Stored items:
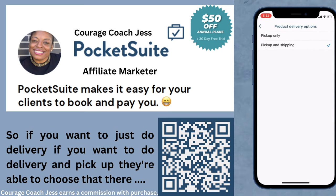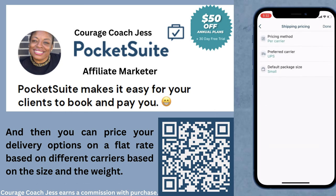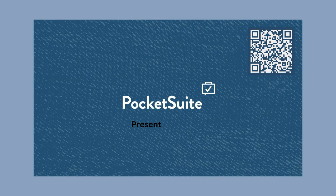So if you want to just do delivery, or if you want to do delivery and pickup, customers are able to choose that there. And then you can price your delivery options on a flat rate, based on different carriers, based on the size and the weight. So there are really a lot of different options here when it comes to customizing the ability to sell your products.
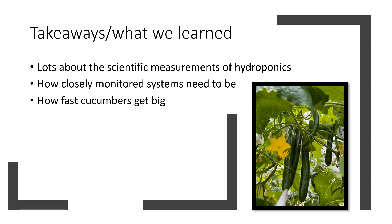Finally, some takeaways from this project: we all learned a lot about the scientific measurements involved in hydroponics — the pH, the EC, the pigment content in the leaves, the BRIX — and how closely monitored these systems need to be. We did have an issue where both of our treatments were accidentally receiving the same amount of fertilizer for a period of time, which goes to show how careful you have to be to ensure your system is doing what it's supposed to. And also, how fast cucumbers get big — they grow really fast and sometimes they grow through the grates, which we thought was very funny. Thank you so much for watching this presentation.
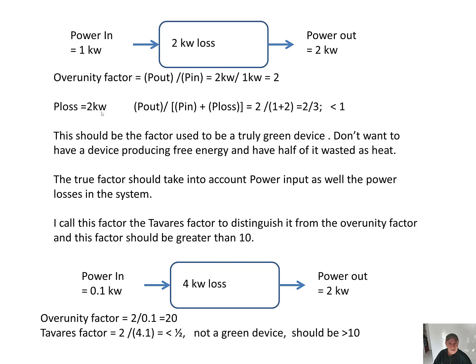Assuming P loss equals 2 kilowatts, then P out over (P in plus P loss) is 2 over 3, which is two-thirds. So if we include the loss in the system — even though we're only inputting 1 kilowatt but losing 2 kilowatts and producing 2 kilowatts — the factor comes to less than 1. This should be the factor used to determine if it is a truly green device. We don't want a device producing free energy and wasting half of it as heat. The true factor should take into account both power input and the power losses in the system.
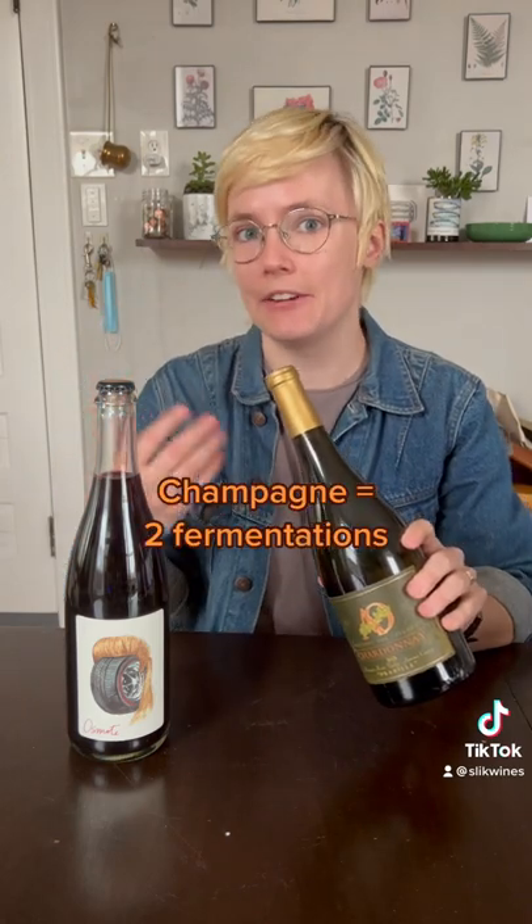Champagne actually starts by making a still white wine — something like this. In champagne, it would be capped with a crown top like this, just on the white still wine. The winemaker would pop off the crown top and add a little more sugar and water to restart fermentation. So this secondary fermentation is what creates the bubbles inside of champagne.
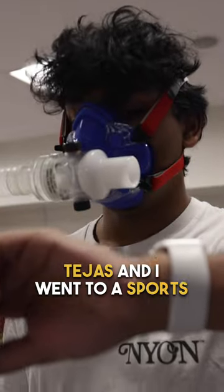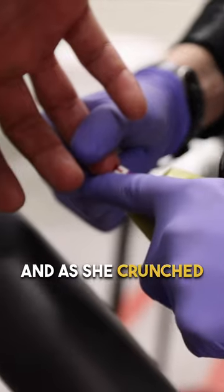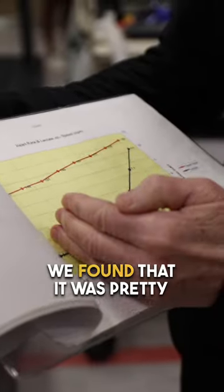So my friend Tejas and I went to a sports lab to see how accurate it is. We ran at different paces with a mask on our face, and as she crunched the numbers, we found that it was pretty similar.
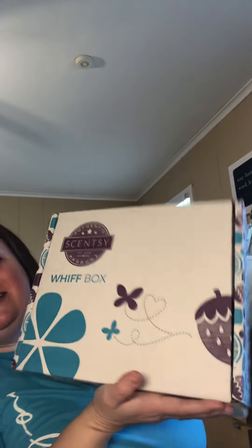Hey y'all, it's the Cincy Lady of East Texas. It's my favorite day of the month and it's actually a little late. We had some ice and snow days in Texas, so shipping was delayed, but it's Whiff Box time! Look at the size of that box — it's huge. That means it's full of goodness, so let's open it together.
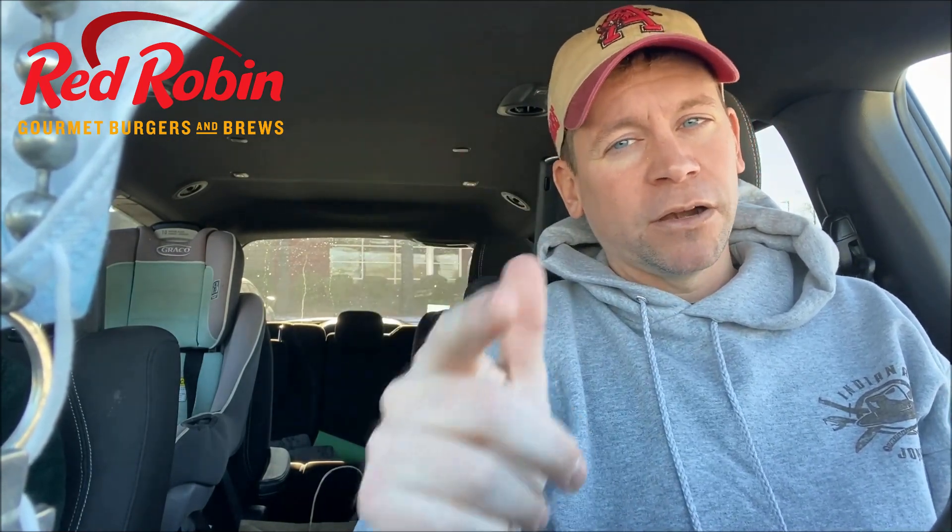One of the main reasons is they have new burgers, and what we got is the BBQ burnt-end burger. I'm very excited. I got garlic fries with it. It smells amazing.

◆ **Work item**: Could you write out the records exactly while omitting every picture?

◆ **Task output**:
So if you want to just do delivery, or if you want to do delivery and pickup, customers are able to choose that there. And then you can price your delivery options on a flat rate, based on different carriers, based on the size and the weight. So there are really a lot of different options here when it comes to customizing the ability to sell your products.
Finally, some takeaways from this project: we all learned a lot about the scientific measurements involved in hydroponics — the pH, the EC, the pigment content in the leaves, the BRIX — and how closely monitored these systems need to be. We did have an issue where both of our treatments were accidentally receiving the same amount of fertilizer for a period of time, which goes to show how careful you have to be to ensure your system is doing what it's supposed to. And also, how fast cucumbers get big — they grow really fast and sometimes they grow through the grates, which we thought was very funny. Thank you so much for watching this presentation.
Assuming P loss equals 2 kilowatts, then P out over (P in plus P loss) is 2 over 3, which is two-thirds. So if we include the loss in the system — even though we're only inputting 1 kilowatt but losing 2 kilowatts and producing 2 kilowatts — the factor comes to less than 1. This should be the factor used to determine if it is a truly green device. We don't want a device producing free energy and wasting half of it as heat. The true factor should take into account both power input and the power losses in the system.
Champagne actually starts by making a still white wine — something like this. In champagne, it would be capped with a crown top like this, just on the white still wine. The winemaker would pop off the crown top and add a little more sugar and water to restart fermentation. So this secondary fermentation is what creates the bubbles inside of champagne.
So my friend Tejas and I went to a sports lab to see how accurate it is. We ran at different paces with a mask on our face, and as she crunched the numbers, we found that it was pretty similar.
Hey y'all, it's the Cincy Lady of East Texas. It's my favorite day of the month and it's actually a little late. We had some ice and snow days in Texas, so shipping was delayed, but it's Whiff Box time! Look at the size of that box — it's huge. That means it's full of goodness, so let's open it together.
One of the main reasons is they have new burgers, and what we got is the BBQ burnt-end burger. I'm very excited. I got garlic fries with it. It smells amazing.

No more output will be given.